そして何よりも彼らが命の恩人と慕ってやまない、白銀達也大元帥への断ち切り難い哀切の情が、部下達の心情を左右したのは間違いないだろう。
(白銀閣下。貴方が生きておられれば、今の我々を見て御笑いになられますか?)
只一度だけの邂逅の中、絶望的な戦局を見事な差配で勝利へ導いた若き司令官の顔が鮮やかに蘇る。
海賊に敗戦し艦隊司令官が逃亡するという危地に赴任して来た彼の雄姿は鮮明に思い出せるし、自身が処罰されるのも厭わず、不遜な前司令官を打擲して部下達を庇った清廉さには、今でも胸が熱くなる思いだ。
だが、それが原因で左遷されたのがケチの付き始めだったと、ジョイは臍を噛むしかなかった。
故郷である地球に赴任を命じられた白銀達也が、一年も経たぬうちに軍に対して造反を企て、当時の軍令部総長ゲルトハルト・エンペラドルと刺し違えて戦死したと聞かされた時は、流石にその荒唐無稽な内容に耳を疑ったものだ。
だが、時間の経過に伴い詳細が明らかになるにつれ、形を成した落胆に苛まれ、絶望と言う名の沼底へと身も心も沈めるしかなかったのである。

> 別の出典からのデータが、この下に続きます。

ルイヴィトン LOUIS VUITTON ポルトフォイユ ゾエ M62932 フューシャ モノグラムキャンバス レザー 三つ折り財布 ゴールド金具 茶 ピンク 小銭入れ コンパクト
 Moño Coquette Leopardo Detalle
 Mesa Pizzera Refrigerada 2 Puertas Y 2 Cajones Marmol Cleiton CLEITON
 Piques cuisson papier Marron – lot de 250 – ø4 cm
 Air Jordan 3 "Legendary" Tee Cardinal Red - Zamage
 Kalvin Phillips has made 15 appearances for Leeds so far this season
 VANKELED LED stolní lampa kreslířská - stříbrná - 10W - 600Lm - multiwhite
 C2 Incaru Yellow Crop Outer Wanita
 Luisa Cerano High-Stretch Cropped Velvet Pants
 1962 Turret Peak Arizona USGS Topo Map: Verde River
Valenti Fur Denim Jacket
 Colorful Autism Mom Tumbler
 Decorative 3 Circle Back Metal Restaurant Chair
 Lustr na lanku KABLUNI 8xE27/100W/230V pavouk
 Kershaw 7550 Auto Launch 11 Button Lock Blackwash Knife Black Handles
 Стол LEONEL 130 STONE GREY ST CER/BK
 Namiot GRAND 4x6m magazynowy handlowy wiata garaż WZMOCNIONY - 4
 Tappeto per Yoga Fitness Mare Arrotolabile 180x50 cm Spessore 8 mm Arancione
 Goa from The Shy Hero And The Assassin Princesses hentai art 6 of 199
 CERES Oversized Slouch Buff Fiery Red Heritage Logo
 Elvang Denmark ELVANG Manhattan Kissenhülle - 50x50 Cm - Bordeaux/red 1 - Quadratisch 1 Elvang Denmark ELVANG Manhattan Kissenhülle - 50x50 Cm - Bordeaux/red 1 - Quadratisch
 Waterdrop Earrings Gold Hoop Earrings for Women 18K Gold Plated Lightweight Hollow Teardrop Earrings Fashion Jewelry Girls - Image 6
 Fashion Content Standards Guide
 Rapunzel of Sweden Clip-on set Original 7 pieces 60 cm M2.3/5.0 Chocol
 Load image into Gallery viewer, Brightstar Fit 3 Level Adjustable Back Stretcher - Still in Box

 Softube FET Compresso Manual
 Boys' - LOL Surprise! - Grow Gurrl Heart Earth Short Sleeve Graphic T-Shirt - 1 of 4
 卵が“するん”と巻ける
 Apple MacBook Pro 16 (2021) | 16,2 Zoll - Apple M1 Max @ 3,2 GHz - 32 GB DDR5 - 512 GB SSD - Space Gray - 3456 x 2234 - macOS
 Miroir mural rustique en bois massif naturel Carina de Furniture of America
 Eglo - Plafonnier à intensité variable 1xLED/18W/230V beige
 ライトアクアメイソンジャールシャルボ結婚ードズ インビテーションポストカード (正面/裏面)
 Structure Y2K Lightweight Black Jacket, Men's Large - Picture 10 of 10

その日を境にして貴族閥の勢力は急速に拡大し、エンペラドルという政敵の死によりモナルキア派の躍進を阻める者はおらず、今や連邦評議会までもが彼の傀儡と化している。
軍内部でも貴族閥の専横は顕著であり、民主派士官に対する横暴が日に日に増していく中、ジョイはその不見識を正そうと上層部に対して意見具申を続けた。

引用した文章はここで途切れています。